--- Data excerpt Enclosed Below ---

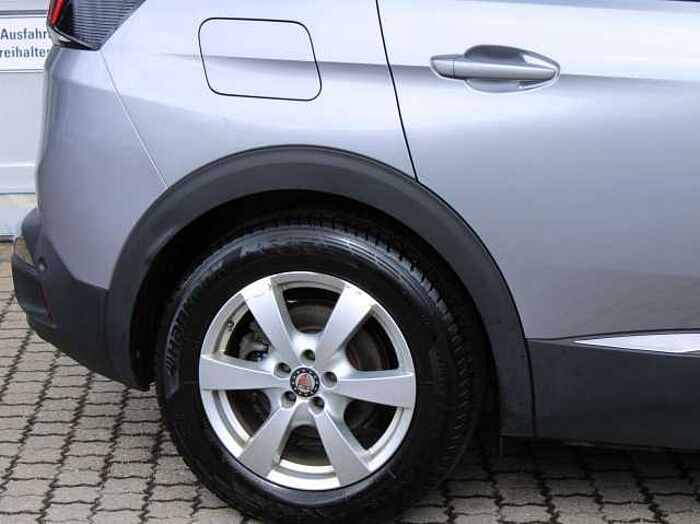 Peugeot 3008 1,2 Allure Pure Tech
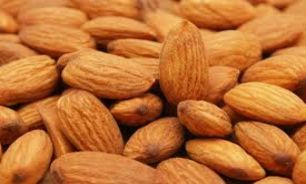 بادام بهترين خوراكي براي رژيمي‌ها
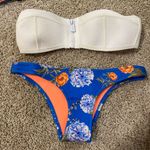 Triangl Bikini Photo 0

--- End of Enclosed Data excerpt ---

Start with the line that holds "بادام بهترين خوراكي براي رژيمي‌ها" and retype each line through the last one in the data, exactly and without pictures.

 بادام بهترين خوراكي براي رژيمي‌ها
 Triangl Bikini Photo 0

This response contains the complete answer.